[STUDY MATERIAL — start]
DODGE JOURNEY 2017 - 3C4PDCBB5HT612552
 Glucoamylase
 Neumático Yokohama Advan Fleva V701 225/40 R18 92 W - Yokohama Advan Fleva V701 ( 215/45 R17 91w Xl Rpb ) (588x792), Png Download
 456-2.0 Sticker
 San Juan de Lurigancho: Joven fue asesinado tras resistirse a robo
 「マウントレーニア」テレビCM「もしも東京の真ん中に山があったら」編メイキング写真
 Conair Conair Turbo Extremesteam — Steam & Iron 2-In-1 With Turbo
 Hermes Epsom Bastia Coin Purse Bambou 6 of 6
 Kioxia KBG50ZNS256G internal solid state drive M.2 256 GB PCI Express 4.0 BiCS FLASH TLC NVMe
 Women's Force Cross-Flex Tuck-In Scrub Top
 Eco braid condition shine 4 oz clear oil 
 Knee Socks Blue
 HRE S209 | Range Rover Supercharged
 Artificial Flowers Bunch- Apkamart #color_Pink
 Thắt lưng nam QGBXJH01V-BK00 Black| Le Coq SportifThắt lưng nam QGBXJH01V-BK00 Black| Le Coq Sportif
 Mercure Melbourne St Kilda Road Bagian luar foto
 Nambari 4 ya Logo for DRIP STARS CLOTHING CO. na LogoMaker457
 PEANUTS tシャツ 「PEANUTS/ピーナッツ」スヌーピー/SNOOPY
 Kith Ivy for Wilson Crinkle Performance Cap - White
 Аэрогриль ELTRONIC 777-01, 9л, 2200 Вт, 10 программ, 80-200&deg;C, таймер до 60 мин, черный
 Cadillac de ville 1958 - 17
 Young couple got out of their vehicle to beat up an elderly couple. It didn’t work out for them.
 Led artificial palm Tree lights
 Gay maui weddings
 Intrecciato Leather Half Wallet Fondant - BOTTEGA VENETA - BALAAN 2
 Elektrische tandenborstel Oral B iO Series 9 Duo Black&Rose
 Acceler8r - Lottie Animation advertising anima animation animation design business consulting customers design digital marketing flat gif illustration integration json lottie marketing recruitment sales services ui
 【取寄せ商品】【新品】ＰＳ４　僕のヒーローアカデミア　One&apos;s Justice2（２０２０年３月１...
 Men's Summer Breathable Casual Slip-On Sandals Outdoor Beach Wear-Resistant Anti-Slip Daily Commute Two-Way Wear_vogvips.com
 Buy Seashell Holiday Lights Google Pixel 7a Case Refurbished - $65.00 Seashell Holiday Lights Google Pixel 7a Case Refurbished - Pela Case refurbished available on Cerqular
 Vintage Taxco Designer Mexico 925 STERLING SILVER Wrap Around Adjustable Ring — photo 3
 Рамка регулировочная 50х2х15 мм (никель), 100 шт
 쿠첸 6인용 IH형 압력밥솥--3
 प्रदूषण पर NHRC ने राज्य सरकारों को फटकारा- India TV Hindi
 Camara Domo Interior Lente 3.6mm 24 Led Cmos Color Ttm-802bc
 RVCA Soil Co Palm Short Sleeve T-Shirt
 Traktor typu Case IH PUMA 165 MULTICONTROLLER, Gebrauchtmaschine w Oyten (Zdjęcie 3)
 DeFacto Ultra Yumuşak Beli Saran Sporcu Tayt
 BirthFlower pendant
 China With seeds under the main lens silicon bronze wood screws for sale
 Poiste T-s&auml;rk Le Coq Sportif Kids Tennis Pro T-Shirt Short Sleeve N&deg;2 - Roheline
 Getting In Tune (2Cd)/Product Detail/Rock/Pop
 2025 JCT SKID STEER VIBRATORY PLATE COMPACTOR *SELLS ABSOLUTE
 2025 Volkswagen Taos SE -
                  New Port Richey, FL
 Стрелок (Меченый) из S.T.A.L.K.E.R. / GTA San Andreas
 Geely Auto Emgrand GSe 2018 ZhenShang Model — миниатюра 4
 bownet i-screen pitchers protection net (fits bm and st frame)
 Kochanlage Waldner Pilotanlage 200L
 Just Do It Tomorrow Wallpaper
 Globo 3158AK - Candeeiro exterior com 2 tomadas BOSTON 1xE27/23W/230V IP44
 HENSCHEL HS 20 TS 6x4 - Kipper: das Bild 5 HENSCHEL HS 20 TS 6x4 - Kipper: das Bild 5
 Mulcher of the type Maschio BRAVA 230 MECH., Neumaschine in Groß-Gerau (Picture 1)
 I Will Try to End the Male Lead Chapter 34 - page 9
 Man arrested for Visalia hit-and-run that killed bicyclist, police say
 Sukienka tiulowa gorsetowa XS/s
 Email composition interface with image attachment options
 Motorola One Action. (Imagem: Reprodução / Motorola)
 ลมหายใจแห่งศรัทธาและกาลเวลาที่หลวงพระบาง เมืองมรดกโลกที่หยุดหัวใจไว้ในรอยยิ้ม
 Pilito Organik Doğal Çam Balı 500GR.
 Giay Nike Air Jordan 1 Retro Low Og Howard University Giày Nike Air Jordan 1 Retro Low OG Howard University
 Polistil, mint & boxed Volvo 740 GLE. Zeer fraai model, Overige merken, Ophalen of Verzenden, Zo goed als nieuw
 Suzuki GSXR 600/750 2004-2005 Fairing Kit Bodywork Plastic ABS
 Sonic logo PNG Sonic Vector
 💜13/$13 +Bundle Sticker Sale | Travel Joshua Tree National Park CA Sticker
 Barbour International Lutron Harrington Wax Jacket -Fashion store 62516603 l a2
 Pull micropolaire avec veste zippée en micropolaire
[STUDY MATERIAL — finish]
> [TASK DIRECTIONS]:
Here the output must be the lines above from the line with "DeFacto Ultra Yumuşak Beli Saran Sporcu Tayt" to the line with "Getting In Tune", both included, duplicated word for word and nothing else.

> [RESPONSE AREA]:
 DeFacto Ultra Yumuşak Beli Saran Sporcu Tayt
 BirthFlower pendant
 China With seeds under the main lens silicon bronze wood screws for sale
 Poiste T-s&auml;rk Le Coq Sportif Kids Tennis Pro T-Shirt Short Sleeve N&deg;2 - Roheline
 Getting In Tune (2Cd)/Product Detail/Rock/Pop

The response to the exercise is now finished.